ESsai sur l'art de la parole.. délirs un peu noirs..

En fait tout a commencé le jour où j'ai commencé à parler. Je veux dire, petite je ne parlais pas. Ou très peu. Ou très bien. Comme des adultes, mon vocabulaire était riche et soigné. Recherché. Mes phrases étaient bien conçues. Parfaites. On me reprenait sur les fautes de syntaxe. Bref polissée, je présentais bien, et bien que je ne comprenne pas plus ce que je disais que ceux qui me l'avais expliqué, je n'ouvrais la bouche que pour dire ces mots de la perfection distinguée, destinée à faire parvenir aux oreilles de mon interlocuteur (un adulte bien souvent) une idée bien pensée, quelque chose qui valait vraiment la peine.

Cette façon de parler me semblait la plus juste. Et la plus normale aussi. Oui à y réfléchir, parler comme un dico encyclopédique philosophe à l'âge de 10 ans me semblait normal. Utilisé le mot adéquat aussi.

Cependant un jour les voisins ne voulurent plus jouér avec moi. Je lui avais cassé ce petit jouet, ou égaré, avec lequel il rendait sa sœur dingue, et ce petit requin de plastique avait été source de tous mes maux dans la rue toutes les années qui ont suivi. On ne s'etait jamais reparlé.

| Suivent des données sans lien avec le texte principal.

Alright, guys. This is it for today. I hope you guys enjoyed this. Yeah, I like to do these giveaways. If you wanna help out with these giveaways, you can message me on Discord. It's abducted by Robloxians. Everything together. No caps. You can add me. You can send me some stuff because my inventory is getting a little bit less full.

Mais maintenant avec du recul, je me demande si cet étrange cétacé n'était pas qu'un prétexte pour arrêter d'entendre mes joutes oratoires incompréhensibles et vaseuses.

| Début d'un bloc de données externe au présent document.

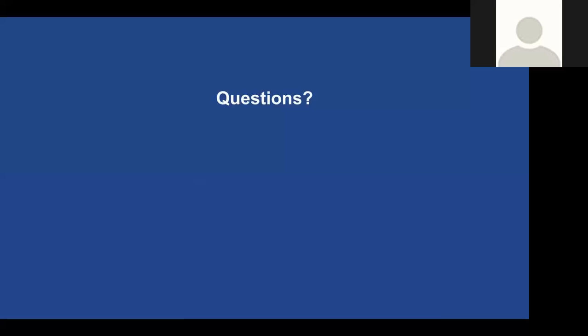Thank you all for your participation and time today. I'll distribute the slide deck along with the recording via email, including a link to download the recording for sharing with others at your institution or for future reference. If you ever have questions, concerns, or anything else, please feel free to reach out to me directly. Thanks for your time and we'll talk to you soon.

Toujours est-il que ces problèmes relationnels, généralisés à l'ensemble de mes petits camarades me faisait passer des soirées entières à imaginer mes futures conversations, en phobie de ce « blanc », de cette connerie qui allait à coup sur discréditer mon honneur, alourdir le poids pêcheur de la planète et m'obliger à me terrer à jamais seule et hébétée face à l'horreur de mes incapacités de dialogue avec mes contemporains.

Alors est venu le silence. Et avec lui le malaise.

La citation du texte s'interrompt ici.